Python 批量转目录下的c语言的注释为英文

程序菜鸟一只

已于 2024-07-25 17:19:46 修改

阅读量302

点赞数 4

文章标签： python c语言

于 2024-07-25 16:52:14 首次发布

本文链接：https://blog.csdn.net/sbsbsb666666/article/details/140693161

版权

因为目前很多厂家提供的程序都是中文注释, 在一些场合下会导致乱码问题，就花了半天时间写了一个脚本用于批量将 c 语言文件中的注释批量翻译为英文，一方面可以便于统一注释，同时也避免了乱码问题。

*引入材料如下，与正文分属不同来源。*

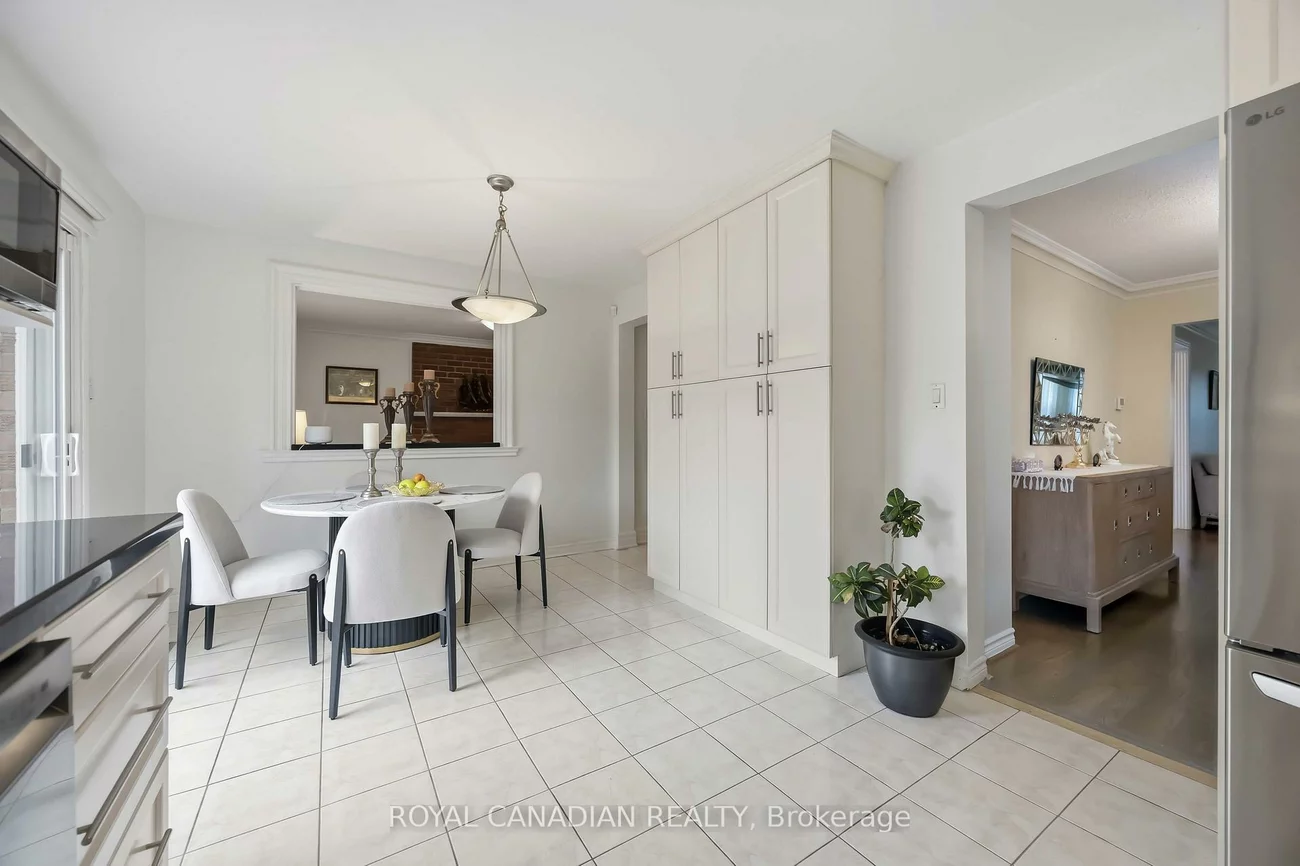 135, Tilman, Markham Village, Markham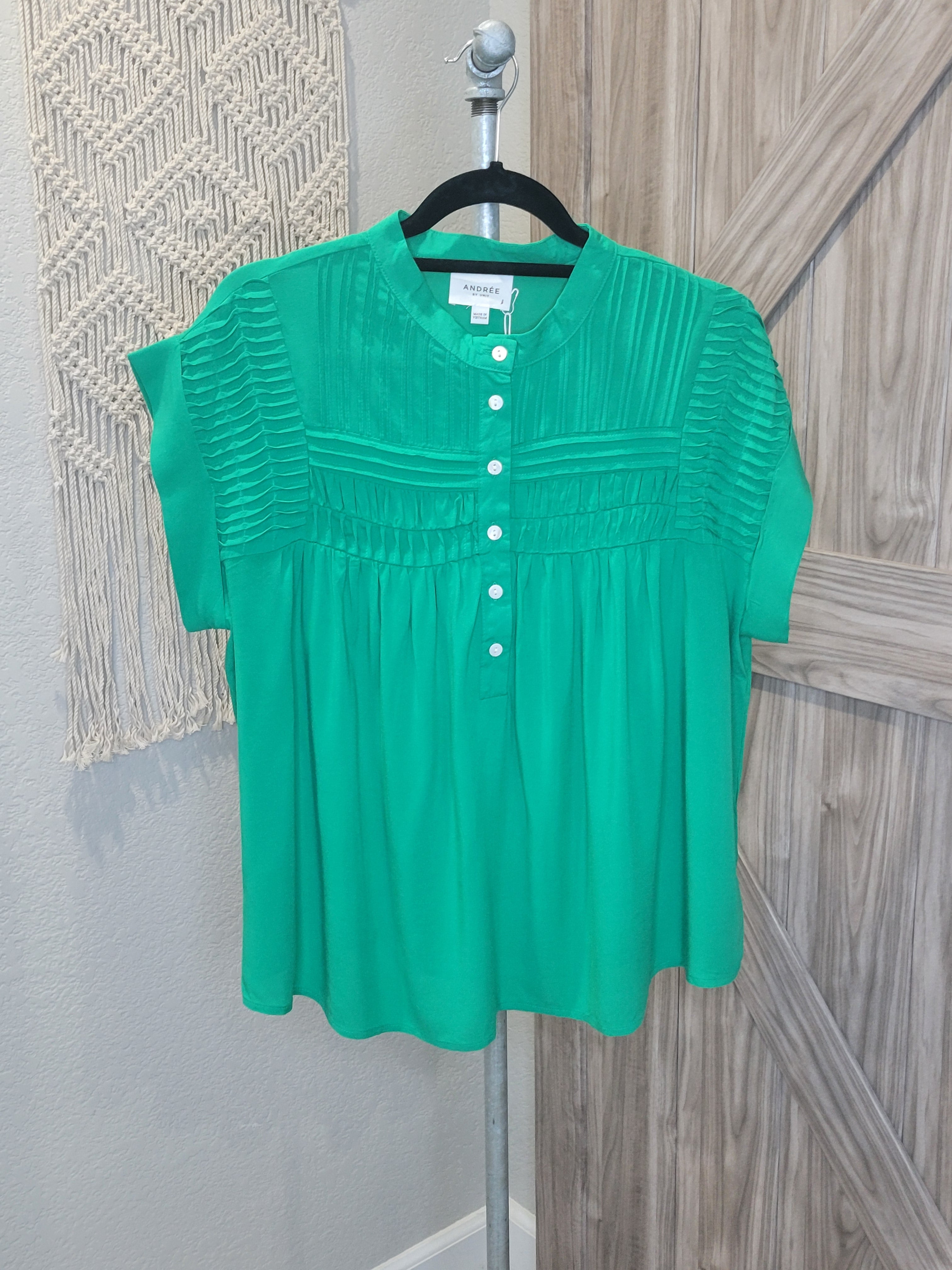 Kelly Green Relaxed Fit Button Up Top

此代码支持python3.x运行, 只需要在python中加入如下包:

pip install  translators

支持转换的注释类型

提醒: 翻译前记得先备份! 如果翻译中网络等出了问题, 则文件可能丢失, 所以一定先做好备份!

首先支持如下几种格式的注释转换(一般正确格式示例)

/*********** 第一个 ****************
* 注释1 
* 注释2
**/
int a = 1;   // 可转换为英文
int b = 2;   /* 正确转换 */ 
int c = 3;   /* 注释1
			* 这样也支持
			*/

// 转换部分
/* 均可以转换 */
int func(){
}

错误使用和不能转换的情况

首先需要说明的是, 对于转换的注释, 有一定的格式要求, 具体如下 :

对于单行注释, 如果单行直接以 // 或者 \* 开头, 则会将整行均视为注释, 例如: 如下格式是不允许出现的，即不建议将注释放在语句后面:

/* 中文注释 */  int a = 1 ;

对于多行注释, 每一行均必须以 * 进行开头, 否则将不会进行转换:

/*
 *   正确的语句: 此句进行翻译
     错误: 此句话不进行翻译
 ******************/

所有注释均尽可能不出现 “;”, 否则将会视为程序语句, 不执行翻译

/*
*         这是多行注释;     // 注意: 此处由于加上分号, 则为了避免有
*/

不要把分号挪在下一行, 例如

int a = 1   // comment : 正确写法是 int a = 1; + 注释
;

这样可能会导致将前面一并翻译;

代码部分

这个转换注释的代码也是非常简单的, 此处我使用了 bing 作为 translator 的 API, 但有的句子 bing 翻译出会保留部分中文, 则改用 google 引擎翻译。

import os
import re
import time
import warnings
import concurrent.futures
import translators as ts

open_encoding = 'gbk'
dst_encoding = 'utf-8'
max_retry_time = 3
translator = 'bing'
use_google_for_better_trans = True

def translate_comments(file_path):
    cnt = 0
    with open(file_path, 'r', encoding=open_encoding) as f:
        lines = f.readlines()
    with open(file_path, 'w', encoding=dst_encoding) as f:
        for line in lines:
            # Find comments in the line
            comments = re.findall(r'//.*|/\* .*|\* .*', line)   # also  '*' will be  captured  here
            # remove the comments without Chinese Character
            comments = ['' if not re.search(r'[\u4e00-\u9fff]+', comment) else comment for comment in comments]
            comments = list(filter(None, comments))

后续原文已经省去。